Edmonton Residential Property Value Analysis
My Role
Solo analyst. I independently scoped, cleaned, analyzed, and visualized a dataset of over 400,000 property records as a capstone project for M2M Tech's DataTalent program.
The Question
Edmonton's residential real estate market spans enormously diverse neighbourhoods. I wanted to understand: what factors correlate most strongly with property values, which neighbourhoods sit at the extremes, and how are properties distributed across price ranges?
This wasn't just a technical exercise — the same questions matter to city planners making development decisions, homeowners assessing their market position, and real estate professionals advising clients. Data-driven analysis at this level is what separates informed decisions from guesswork.
So What — A Product Lens
For a product team building tools for city planners, homeowners, or real estate professionals, an analysis like this shapes feature prioritization. A tool built for city planners needs ward-level and zoning aggregations. A tool for individual homeowners needs neighbourhood comparisons and percentile context. The same underlying data serves completely different user needs depending on who you're building for, which is why understanding your user segment before building your data product matters as much as the analysis itself.
Skills Demonstrated
Python · Pandas · NumPy · Bokeh · Data cleaning · Statistical analysis · Data visualization · Google Colab · Analytical storytelling
📎 Watch the recorded presentation → 📎 View the code on GitHub →
Approach.
Using Python in Google Colab with Pandas, NumPy, and Bokeh, I:
Cleaned and pre-processed the dataset (handled missing values, converted columns, removed outliers, and filtered for residential properties only)
Ran descriptive statistics and percentile analysis across the full dataset
Computed neighbourhood and ward-level summaries
Built 6 visualizations, including an interactive HTML visualization with hover tooltips and zoom
Basic Statistics and Percentiles.
10th
$15,500.00
25th
$185,000.00
50th/Median
$367,500.00
75th
$490,000.00
90th
$632,500.00
95th
$757,500.00
99th
$1,236,500.00
Mean
$370,925.80
Median
$367,500.00
Standard Deviation
$308,491.59
Minimum
$500.00
Maximum
$25,361,500.00
Neighbourhood Statistics.
Top 10 Most Expensive Neighbourhoods (by Mean Value)
Top 10 Least Expensive Neighbourhoods (by Mean Value)
Ward Statistics.
Most Expensive Ward (by mean value)
Pihêsiwin & Ipiihkoohkanipiaohtsi
Least Expensive Ward (by mean value)
O-day'min
Visualizations.
Key Findings.
Distribution Most residential properties fall below $500K, with a median assessed value of $367,500. This positions Edmonton as relatively affordable compared to other major Canadian cities.
Neighbourhood Extremes The most and least expensive neighbourhoods vary significantly — with high-value properties concentrated in the southwest and central areas, and lower-value properties more distributed across the city.
Ward Level Pihêsiwin & Ipiihkoohkanipiaohtsi had the highest mean property value; O-day'min had the lowest.
Correlation No strong correlation was found between assessed value and the other variables in this dataset — which is itself a meaningful finding.
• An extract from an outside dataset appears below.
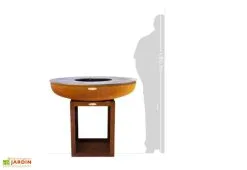 Remundi Braséro Barbecue En Acier Et Inox Avec Bûcher Ø102 Cm – Carus L -magasin de mobilier d'extérieur brasero acier barbecue grille cuisson remundi carus l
It points to factors outside this dataset (i.e. school proximity, crime rates, transit access, land use zoning) as more likely drivers of value.
What I'd Do Differently
I'd enrich the dataset with external variables, such as transit proximity, school ratings, walkability scores, to build a more complete picture of what actually drives property values. The current analysis identifies that the correlation is weak; a richer dataset would start to explain why.